Based on UTF-8 to allow queries in all languages.

Since our plan was to use Lucene as a testing oracle and performance baseline, it made sense to consider some subset of the Lucene query language. In the end, we chose to go with something more like the languages used by Bing and Google.

In making this decision, our main tradeoff was between complexity and familiarity on the one hand and Lucene compatability on the other. Lucene compatability would certainly make our lives as developers easier because we could feed identical queries to BitFunnel and our Lucene reference. It would also make it easier for search integrators to migrate between the two systems since they could just drop in whichever engine best met their business needs.
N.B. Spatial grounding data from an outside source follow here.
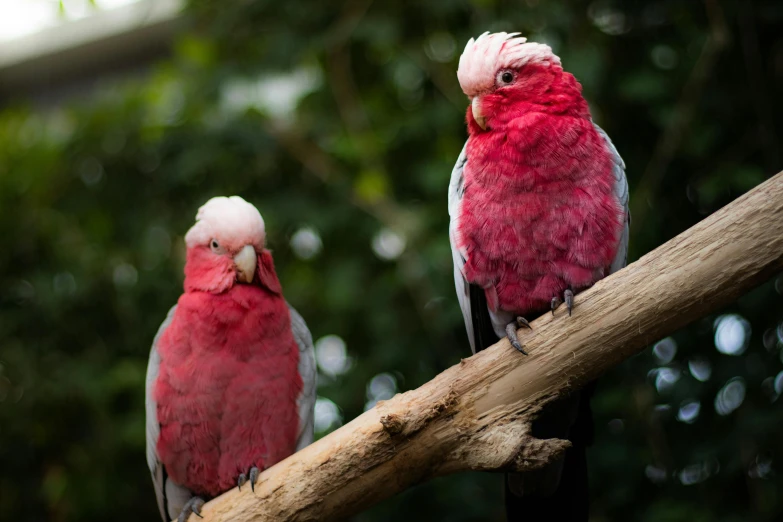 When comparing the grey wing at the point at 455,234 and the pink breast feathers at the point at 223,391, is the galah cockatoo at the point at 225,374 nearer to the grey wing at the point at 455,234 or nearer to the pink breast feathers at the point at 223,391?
the pink breast feathers at the point at 223,391

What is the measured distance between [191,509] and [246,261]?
0.74 m

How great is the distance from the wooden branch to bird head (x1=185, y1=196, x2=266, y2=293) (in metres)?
0.61

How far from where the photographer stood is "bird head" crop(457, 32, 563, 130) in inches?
77.8

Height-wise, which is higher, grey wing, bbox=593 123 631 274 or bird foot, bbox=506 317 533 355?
grey wing, bbox=593 123 631 274

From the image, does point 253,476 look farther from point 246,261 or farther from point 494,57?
point 494,57

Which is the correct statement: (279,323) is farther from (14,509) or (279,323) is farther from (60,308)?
(14,509)

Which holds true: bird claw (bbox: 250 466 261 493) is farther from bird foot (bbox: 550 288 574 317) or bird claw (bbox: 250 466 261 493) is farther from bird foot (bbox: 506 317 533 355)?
bird foot (bbox: 550 288 574 317)

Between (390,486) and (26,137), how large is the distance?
9.57 feet

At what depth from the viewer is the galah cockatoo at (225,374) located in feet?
7.11

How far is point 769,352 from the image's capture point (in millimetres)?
2506

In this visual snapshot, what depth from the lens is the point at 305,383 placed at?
232cm

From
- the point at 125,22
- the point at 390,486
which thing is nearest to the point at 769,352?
the point at 390,486

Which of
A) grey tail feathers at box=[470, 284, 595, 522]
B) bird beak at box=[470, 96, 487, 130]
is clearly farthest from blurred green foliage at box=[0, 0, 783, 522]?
bird beak at box=[470, 96, 487, 130]

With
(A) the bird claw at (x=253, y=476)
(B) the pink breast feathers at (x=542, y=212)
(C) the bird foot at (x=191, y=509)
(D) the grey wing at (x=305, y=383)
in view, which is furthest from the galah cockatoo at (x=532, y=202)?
(C) the bird foot at (x=191, y=509) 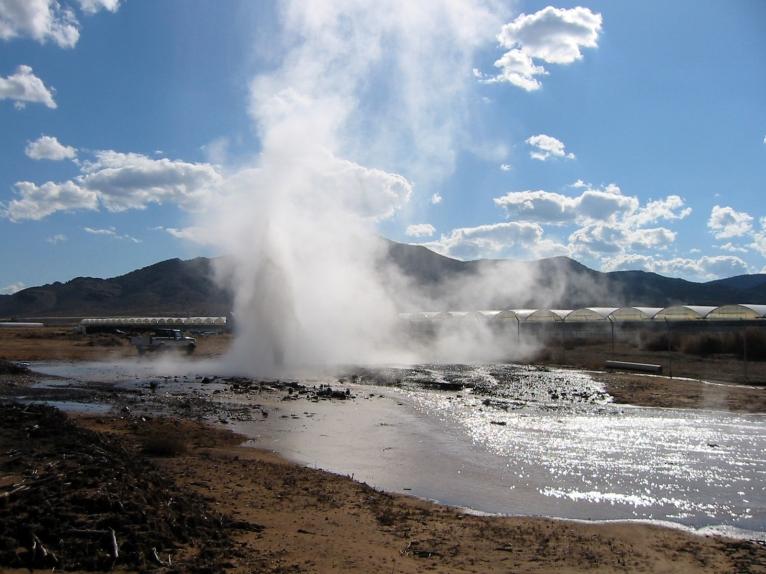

The reason we went with Bing/Google approach centered around complexity and familiarity of the operator precidence. In the Lucene query language, logical or is implicit and has precidence over logical and. For example, the query dogs cats mice matches documents that contain at least one of the terms “dogs”, “cats”, and “mice”. In Bing and Google, the same query tends to find those documents that contain all three terms (the exact semantics in Bing and Google is less clear because they may alter the original query based on complex systems that infer human intent). Our feeling was that users of internet search engines would find the Bing/Google approach more familiar, but that this would come at a cost of Lucene compatability and it would be less familiar for Lucene users.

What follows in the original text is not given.